=== Task to complete ===
Line by line, retype the material exactly and leave each picture out.
=======
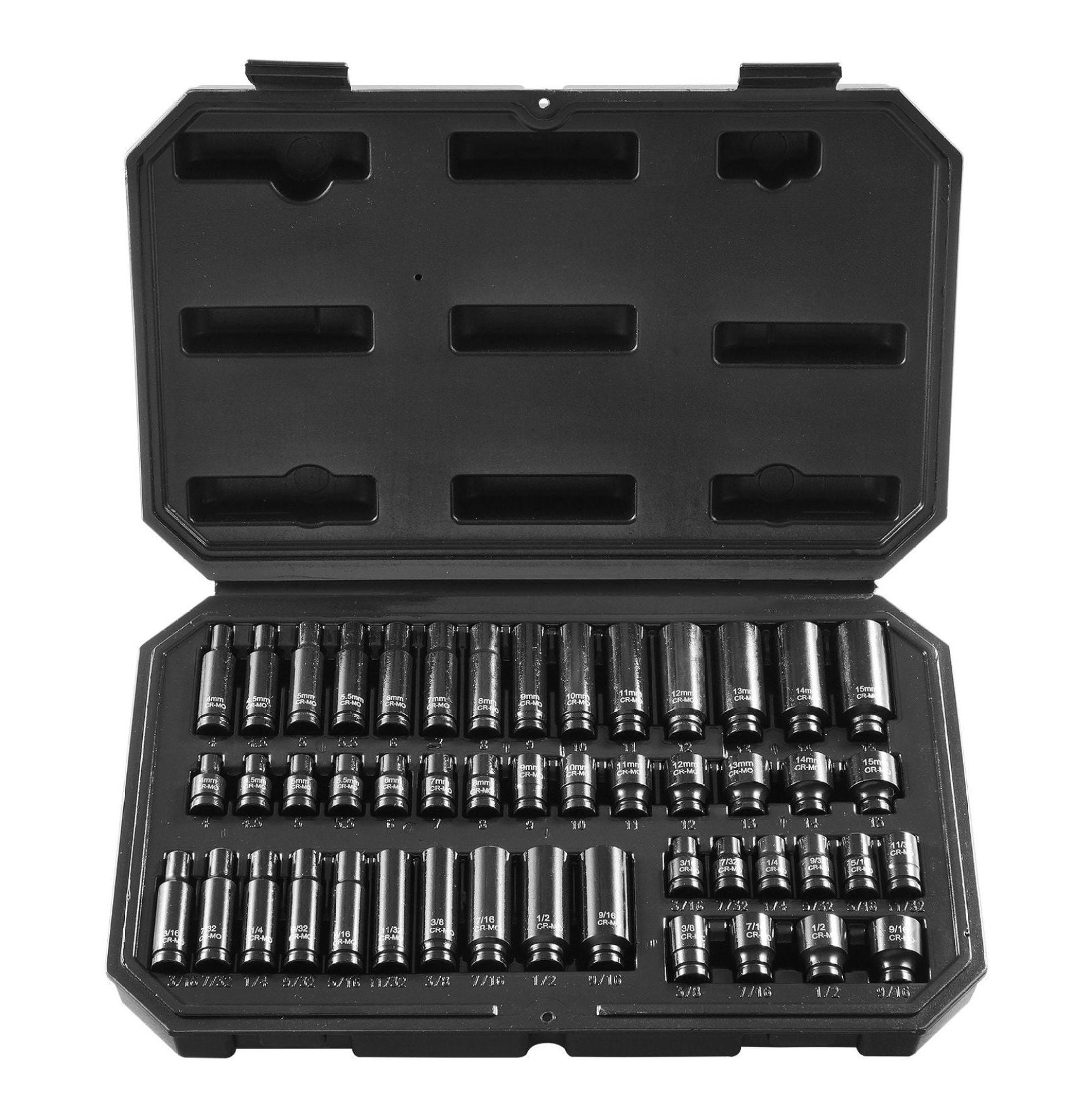 Impact Socket Set 48pcs 1/4 Drive - 6-Point Bit Ratchet Tool Kit with Case, CR-MO Steel, Metric/SAE, Automotive Repair & Industrial Use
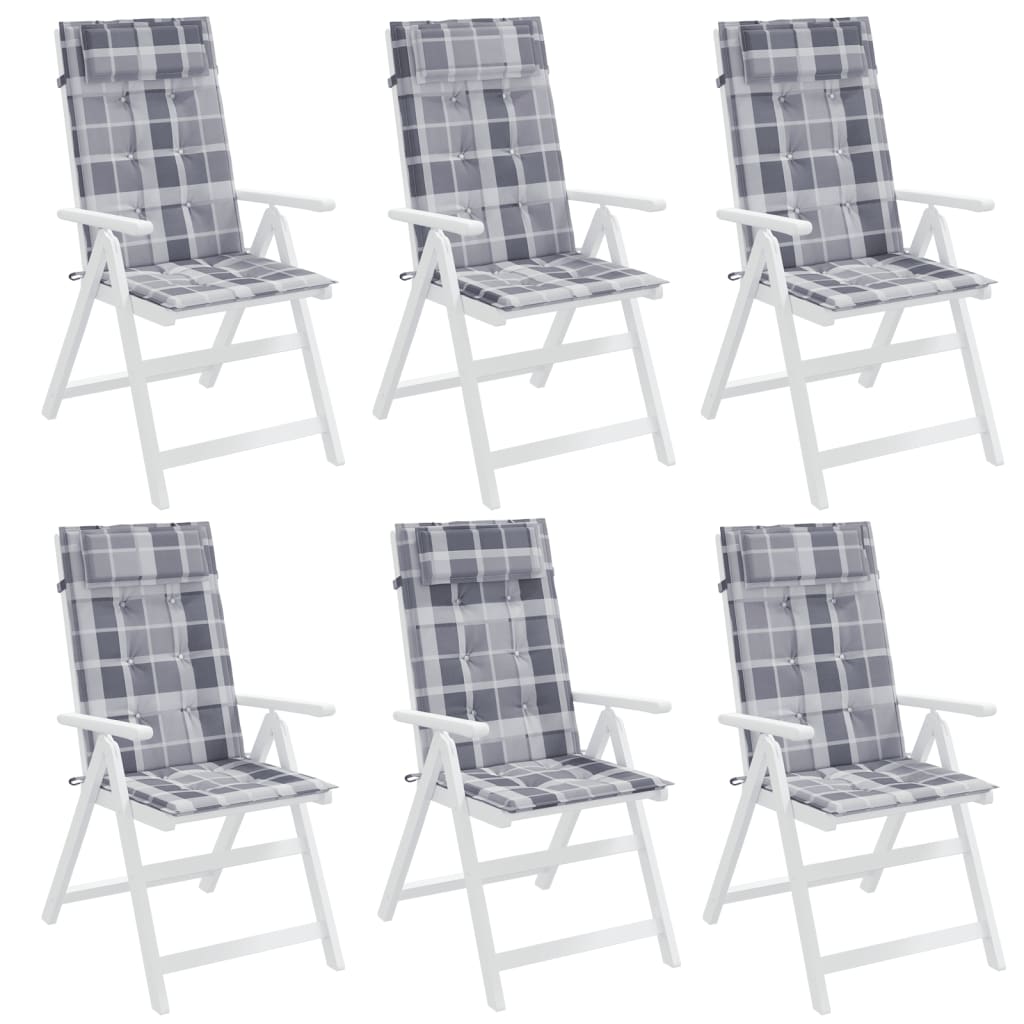 Cuscini Sedia Schienale Alto 6pz a Quadri Grigio Tessuto Oxford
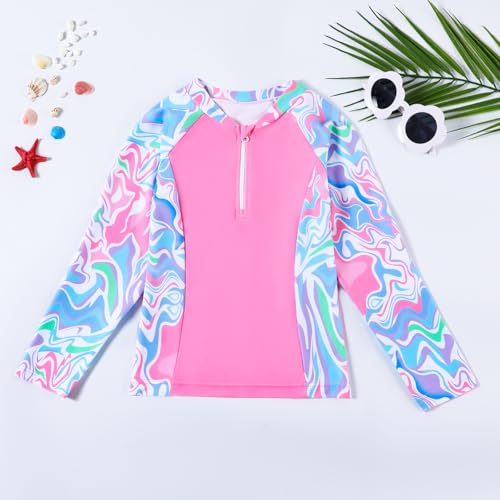 Image of Toddler Girls Long Sleeve Swimsuits Girl Swimwear Little Girls Swimsuits 2 Pieces Toddler Rash Guard Swimsuit Print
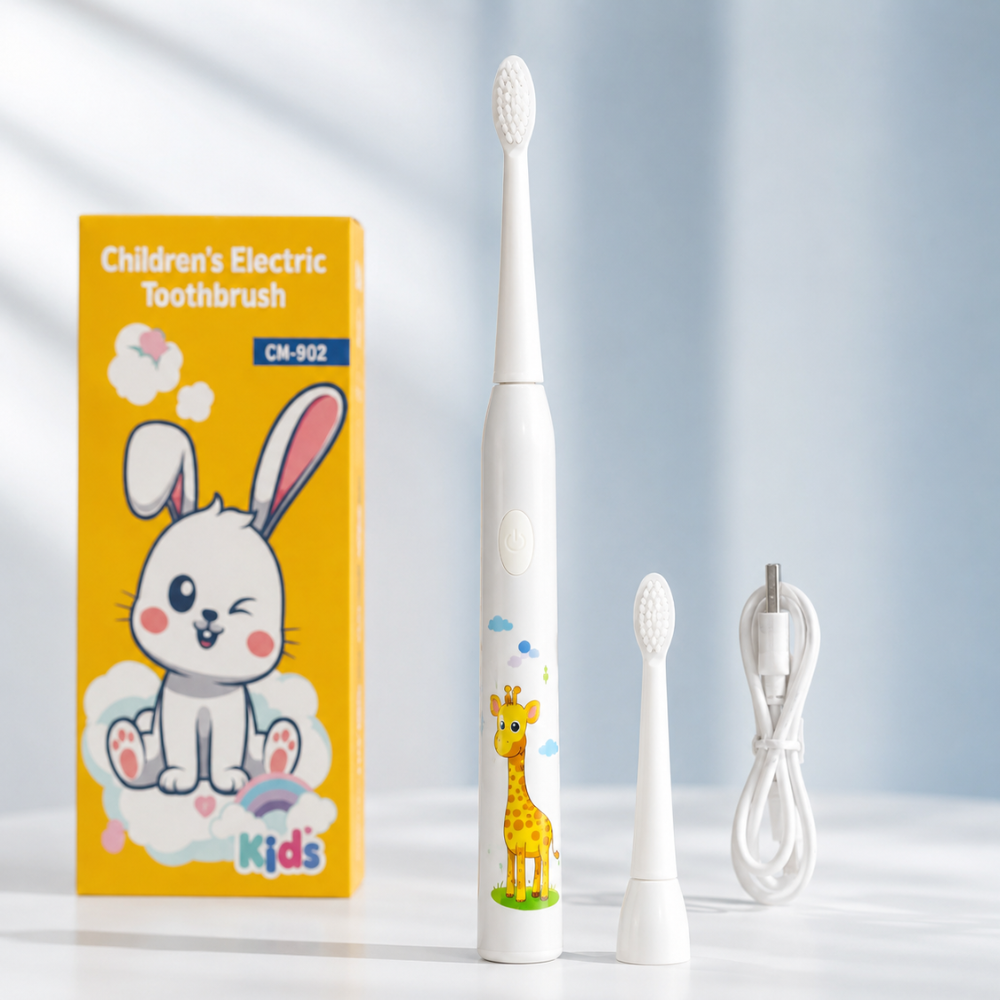 Children’s Electric Toothbrush with Animal Design – 2 Replacement Brush Heads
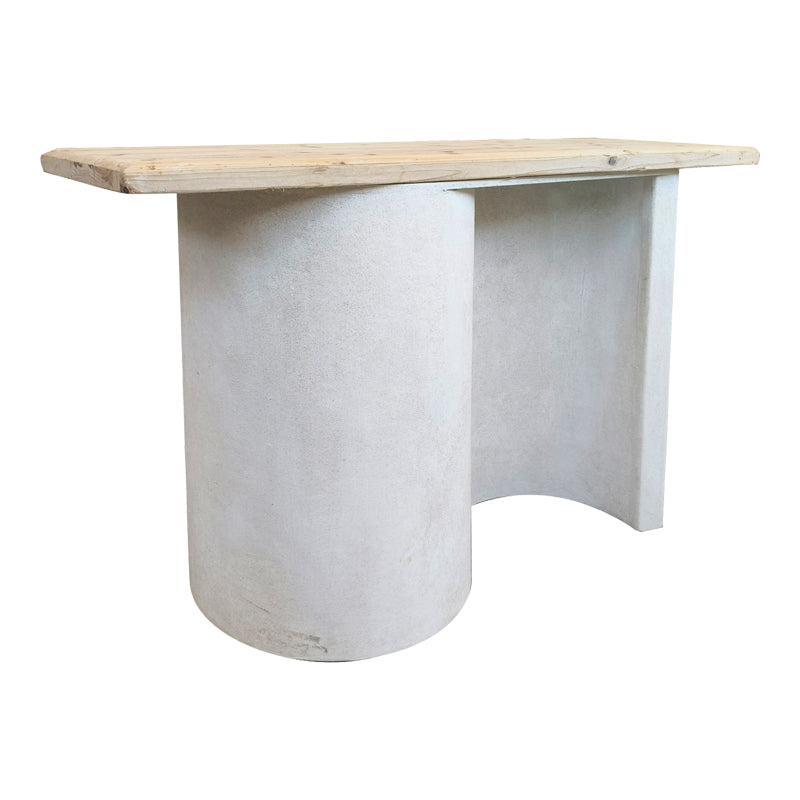Κονσόλα Jeckie Ξύλο Ελάτου-MDF Oak-Λευκό 120x38x80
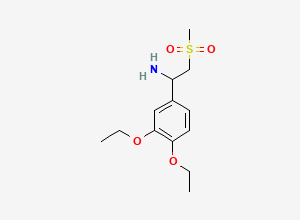 Two-dimensional chemical structure of 1-(3,4-diethoxyphenyl)-2-methylsulfonylethanamine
=======
=== Expected answer ===
 Impact Socket Set 48pcs 1/4 Drive - 6-Point Bit Ratchet Tool Kit with Case, CR-MO Steel, Metric/SAE, Automotive Repair & Industrial Use
 Cuscini Sedia Schienale Alto 6pz a Quadri Grigio Tessuto Oxford
 Image of Toddler Girls Long Sleeve Swimsuits Girl Swimwear Little Girls Swimsuits 2 Pieces Toddler Rash Guard Swimsuit Print
 Children’s Electric Toothbrush with Animal Design – 2 Replacement Brush Heads
Κονσόλα Jeckie Ξύλο Ελάτου-MDF Oak-Λευκό 120x38x80
 Two-dimensional chemical structure of 1-(3,4-diethoxyphenyl)-2-methylsulfonylethanamine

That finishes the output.